_WORK ORDER_
No line before the one holding "Parure de couette" is wanted; restate word for word that line and all lines after it to the end of the entries, excluding pictures.

Top of SUPPLIED INFORMATION

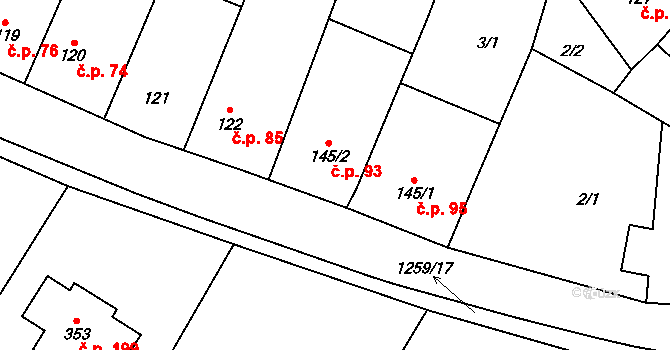 Rychtářov 93, Vyškov na parcele st. 145/2 v KÚ Rychtářov, Katastrální mapa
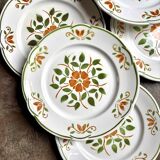 6 flat plates in glazed earthenware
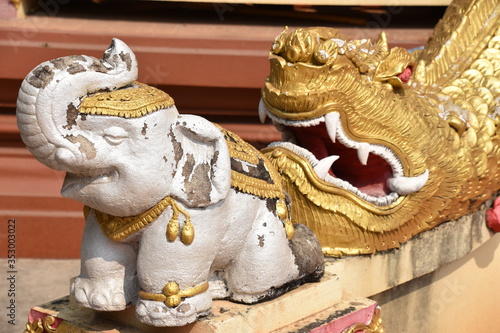 Golden Dragon and White Elephant Railing Sculptures, Wat Chang Kham, Chiang Mai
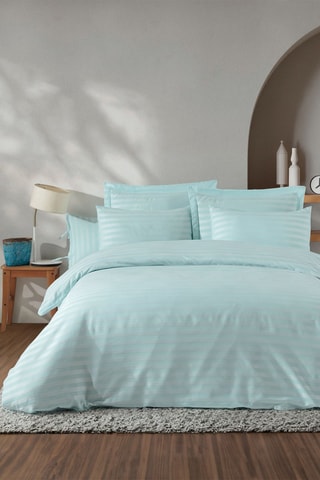 Parure de couette en coton 117 fils/cm² - Bleu et blanc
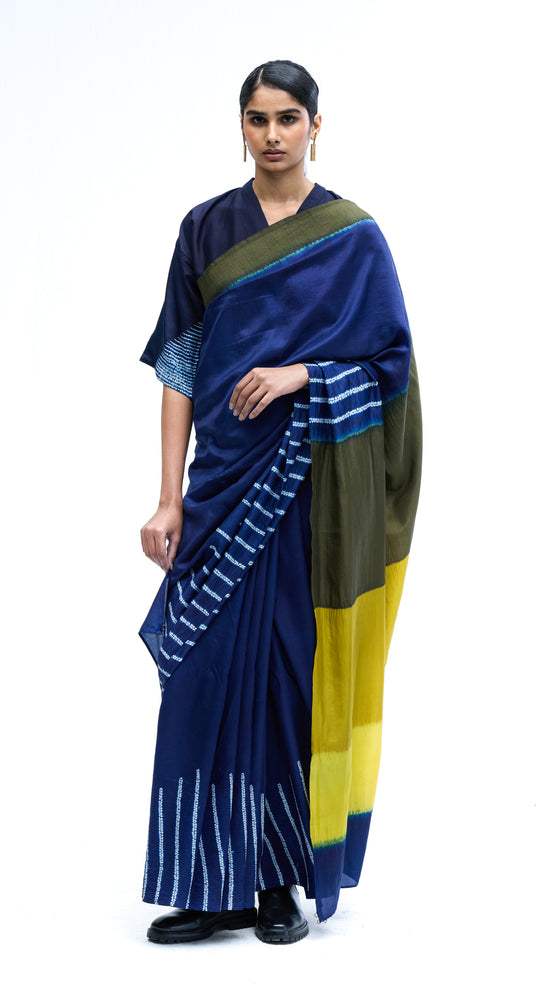 Where Lines Meet Water Saree - Indigo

Bottom of SUPPLIED INFORMATION

_ANSWER SPACE_
 Parure de couette en coton 117 fils/cm² - Bleu et blanc
 Where Lines Meet Water Saree - Indigo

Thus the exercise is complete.